L'intelligence artificielle (IA), longtemps présentée comme un outil censé améliorer la productivité tout en maîtrisant les coûts, devient un fardeau financier pour certaines organisations. Les dépenses des entreprises en matière d'IA montent en effet en flèche, certaines d'entre elles payant désormais davantage pour la puissance de calcul que pour la main-d'œuvre humaine. Alors que les coûts augmentent et que les retours sur investissement restent incertains, les dirigeants commencent à se demander si l'essor de l'IA est durable et si cette technologie est vraiment moins coûteuse que la main-d'œuvre humaine.

Ce développement s'inscrit dans un contexte de transformation des modèles économiques de l'IA, marquée par la fin progressive de l'âge d'or du forfait IA illimité. Face à l’essor de l’IA agentique et à l’intensification de la concurrence entre les principaux acteurs du secteur, les fournisseurs réorientent leur stratégie de monétisation autour du token, qui devient l’unité de facturation centrale. Cette évolution s'accompagne de limitations d'usage, de fonctionnalités segmentées et d'une hausse des prix, redéfinissant ainsi les relations entre fournisseurs, entreprises et développeurs.

Pendant des années, l'IA a été présentée comme une révolution en matière de productivité, censée améliorer les performances des travailleurs humains tout en maîtrisant les coûts. Mais une nouvelle réalité se dessine. Pour certaines entreprises, le coût d'exploitation des systèmes d'IA commence à dépasser celui de leurs propres employés. Cette évolution oblige les dirigeants à se poser une question délicate : l'IA est-elle vraiment moins coûteuse que la main-d'œuvre humaine ?


Cette tension se fait déjà sentir au sein de certaines des plus grandes entreprises technologiques.
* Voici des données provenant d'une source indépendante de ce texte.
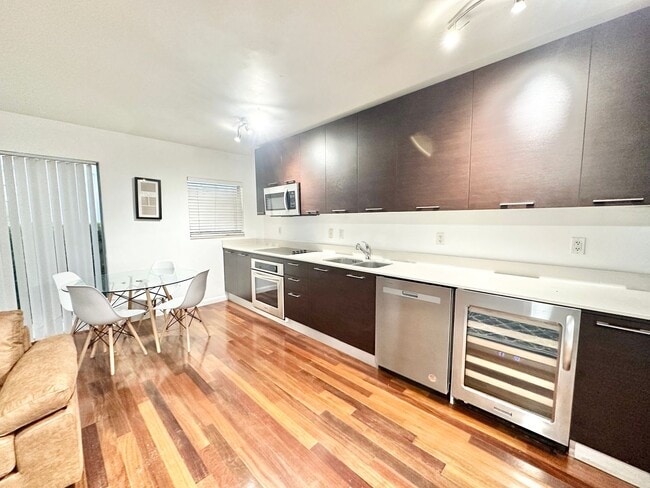 Building Photo - Tastefully furnished 1bed/1bath in the heart of South Beach!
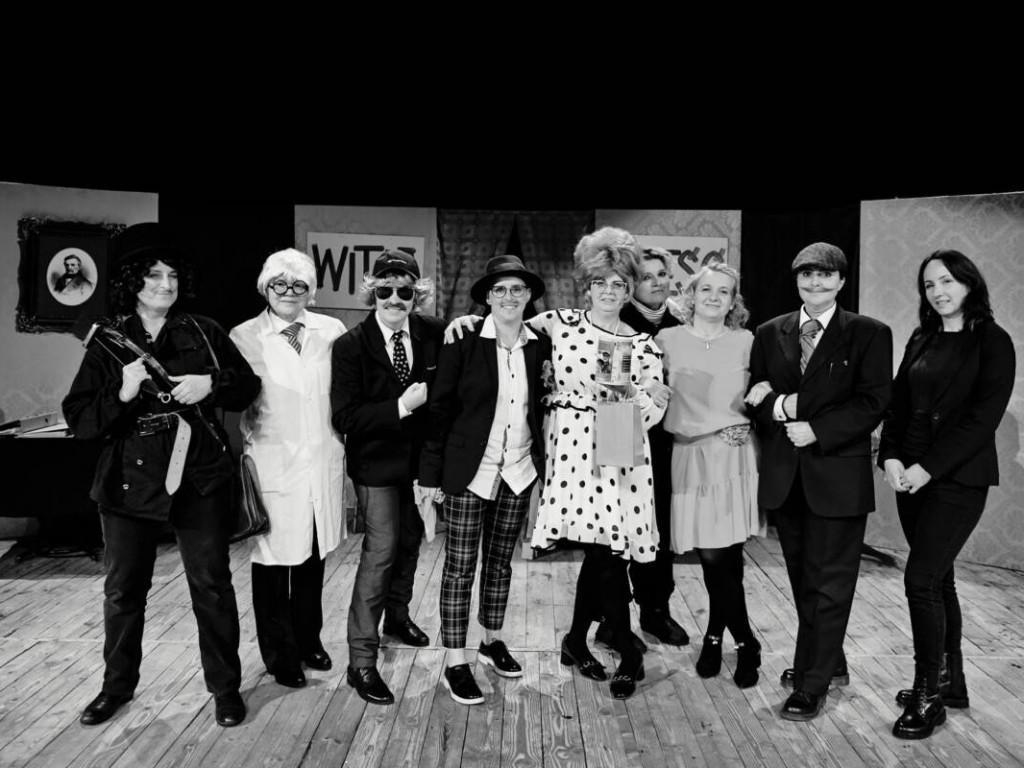 Tarnobrzeg. Gromkie brawa i tłumy na spektaklu Teatru Czwartek w TDK [zdjęcia]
Chez Oracle, une vaste restructuration donne un aperçu de la manière dont les investissements dans l'IA redéfinissent profondément les priorités des entreprises. Au cœur de cette initiative se trouve un accord colossal dans le domaine du cloud computing conclu avec OpenAI, dont la valeur s'élèverait à environ 300 milliards de dollars, visant à construire et à développer des centres de données capables de prendre en charge des charges de travail avancées en matière d'IA, notamment des systèmes similaires à ChatGPT.

Pour y parvenir, Oracle a accéléré l'expansion de son infrastructure à travers les États-Unis. L'ampleur et la rapidité de ce développement ont eu un coût. L'entreprise s'est lourdement endettée, le montant total de ses emprunts ayant, selon les estimations, dépassé les 100 milliards de dollars, tandis que d'importantes dépenses d'investissement ont fait basculer son flux de trésorerie disponible en territoire négatif.

Dans ce contexte, les récents licenciements apparaissent moins comme une mesure isolée que comme un réajustement. Les analystes estiment que ces réductions d'effectifs pourraient permettre d'économiser entre 8 et 10 milliards de dollars, des fonds qui pourraient être réaffectés à ces projets d'IA à forte intensité capitalistique. C'est un exemple révélateur de l'évolution des priorités en matière de dépenses, même si cela implique de réduire les effectifs pour financer les machines.

Quand les machines coûtent plus cher que les humains

L'ampleur des dépenses prend même les professionnels du secteur au dépourvu. Bryan Catanzaro, vice-président chargé de l'apprentissage profond appliqué chez Nvidia, a récemment fait remarquer que les coûts informatiques de son équipe dépassaient désormais largement les dépenses de personnel. Il s'agit là d'un renversement frappant de l'idée reçue selon laquelle l'automatisation permettrait de réduire les coûts d'exploitation, rapporte Axios.

Le problème réside dans les mécanismes de l'IA moderne. L'entraînement et l'exécution de modèles avancés nécessitent une infrastructure informatique colossale, souvent alimentée par des puces et des services cloud coûteux. À cela s'ajoutent les coûts « par jeton », c'est-à-dire les frais liés au traitement des requêtes sur les grands modèles de langage, qui peuvent rapidement monter en flèche à mesure que l'utilisation s'intensifie.

Chez Uber, la pression se fait déjà sentir. Son directeur technique aurait épuisé tout le budget 2026 de l’entreprise consacré à l’IA avant la date prévue, principalement en raison de ces dépenses liées aux jetons. Par ailleurs, Amos Bar-Joseph, PDG de Swan AI, a attiré l’attention après avoir souligné la facture croissante que lui adressait Anthropic, présentant cela comme faisant partie de la mise en place d’une « entreprise autonome ».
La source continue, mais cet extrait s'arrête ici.